PINGDOM_CHECK
Light
Dark

The rise of Scrapy: How an open-source scraping framework conquered the web

Read Time
10 mins
Posted on
May 14, 2025
The story of Scrapy reflects the broader evolution of the web itself and the ongoing quest to harness its ever-expanding ocean of information.
By
Theresia Tanzil
Table of Content

It started as a way to gather data for a furniture ecommerce startup. It blossomed into web scrapers’ framework of choice with over 82 million downloads, fuelling tens of thousands of web crawlers to power price comparison engines, market research, AI models and more every day.


Ten years after the release of version 1.0, Scrapy's scale is undeniable. Almost 11,000 commits later, its GitHub repository reflects a vibrant history, built upon contributions from hundreds of developers, all tackling the complex, often frustrating task of extracting structured information from the web.


Scrapy’s influence has shaped best practices across the industry. But how did a pragmatic tool, born out of necessity, achieve such longevity and dominance in the fast-moving, adversarial landscape of web data?

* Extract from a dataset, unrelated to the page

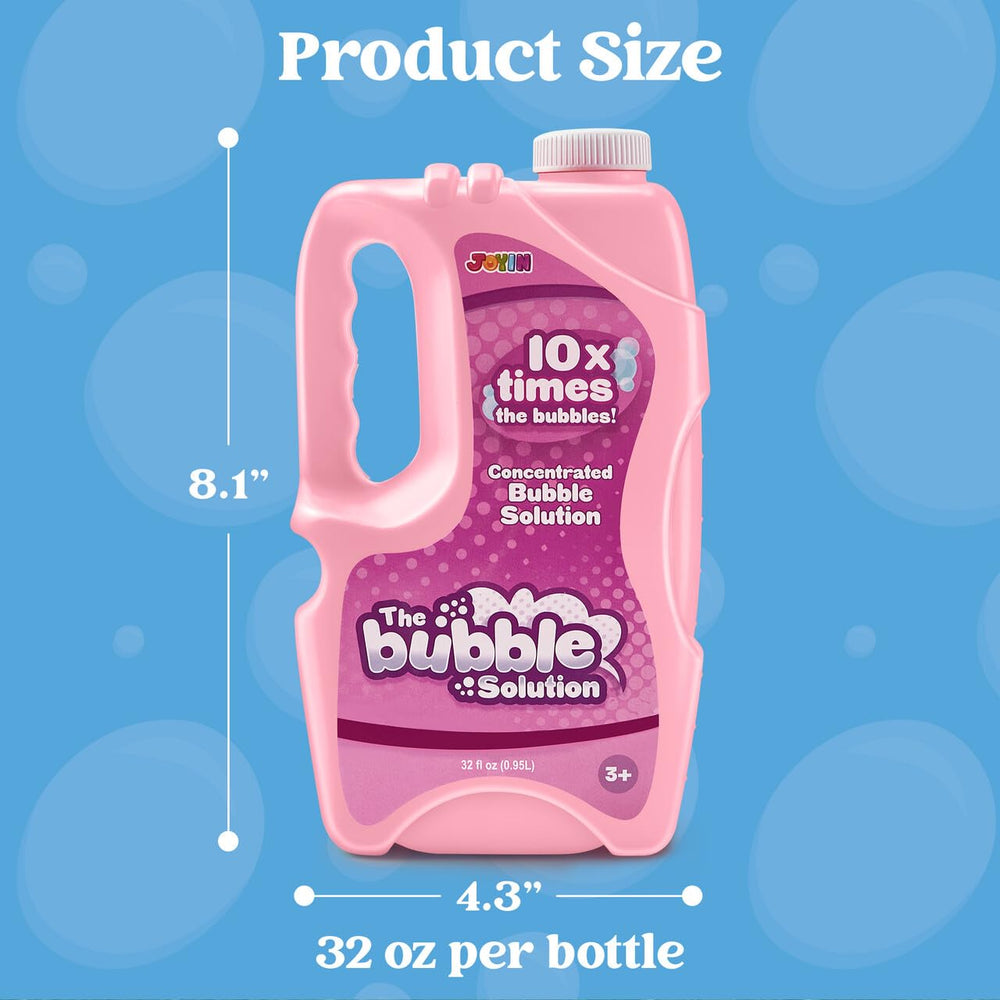 JOYIN bubble solution label close-up shows safety-tested content for parents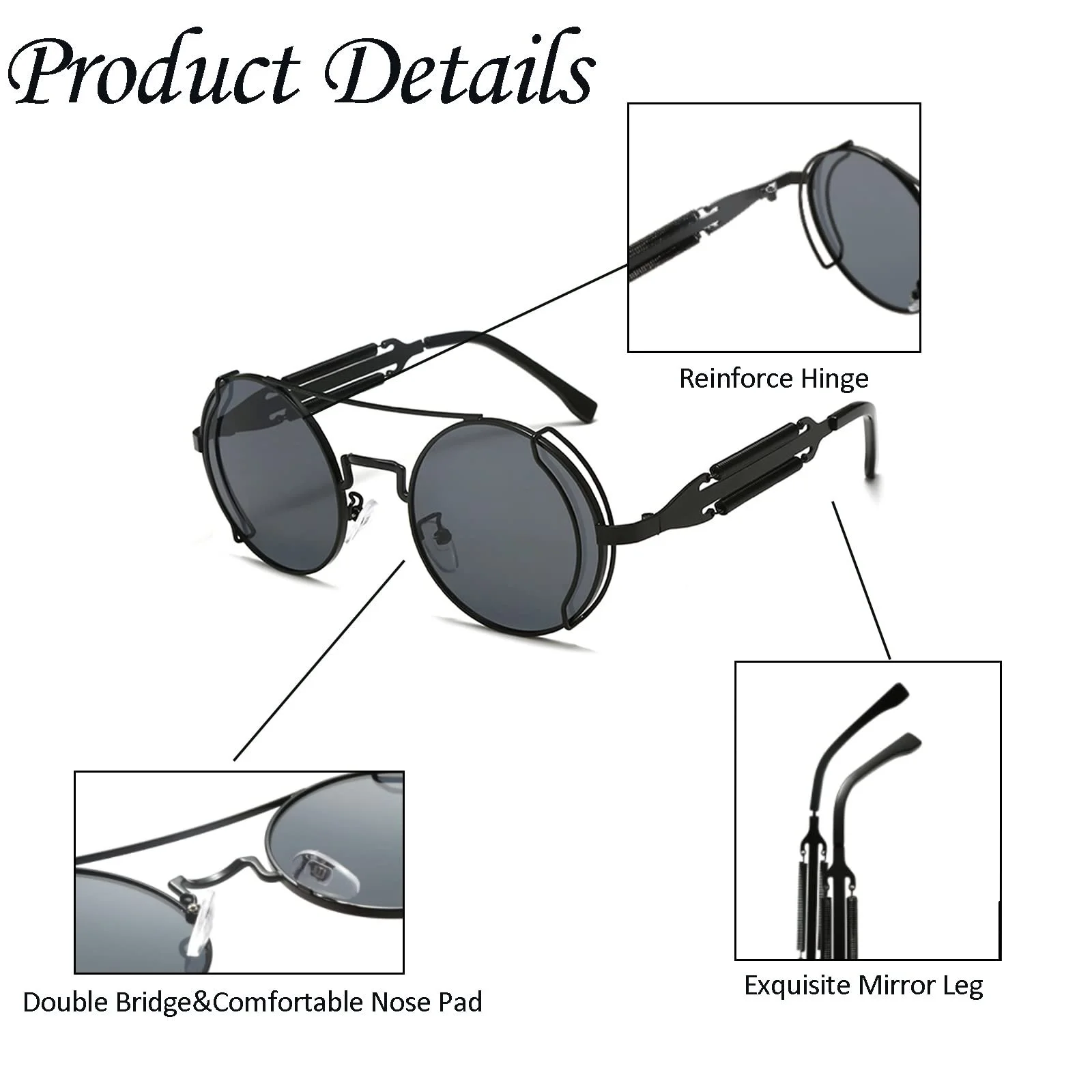 Сонцезахисні окуляри YAMEIZE Вінтажні круглі стімпанк із захистом UV400, металева оправа, фото №3 Сонцезахисні окуляри YAMEIZE Вінтажні круглі стімпанк із захистом UV400, металева оправа, фото №3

The spark: A startup's data problem


The story of Scrapy begins not in a research lab or a university project, but amidst the practical pressures of a London startup in 2007.


Mydeco, a furniture aggregation website, faced a common challenge: gathering vast amounts of product information scattered across countless manufacturer and retailer websites. Shane Evans, then head of software development at Mydeco, found existing tools inadequate for the task. They were often brittle, difficult to maintain, and simply couldn't handle the required volume and complexity.


"My first significant experience web scraping with Python was in 2007, when I was building a vertical search engine," Evans recounted in a 2015 interview with DecisionStats. "Initially, my team started writing Python scripts, but that got problematic very quickly." The constant need to adapt to website changes, handle errors gracefully, and manage concurrent requests demanded a more structured approach. Faced with this, Evans made a pivotal decision: Mydeco would build its own scraping framework.


"I wrote a framework to make the job easier, promoting best practices for scraping and avoiding common mistakes," Evans explained. This initial framework laid the groundwork, focusing on robustness and maintainability. However, the sheer scale of the task required more resources.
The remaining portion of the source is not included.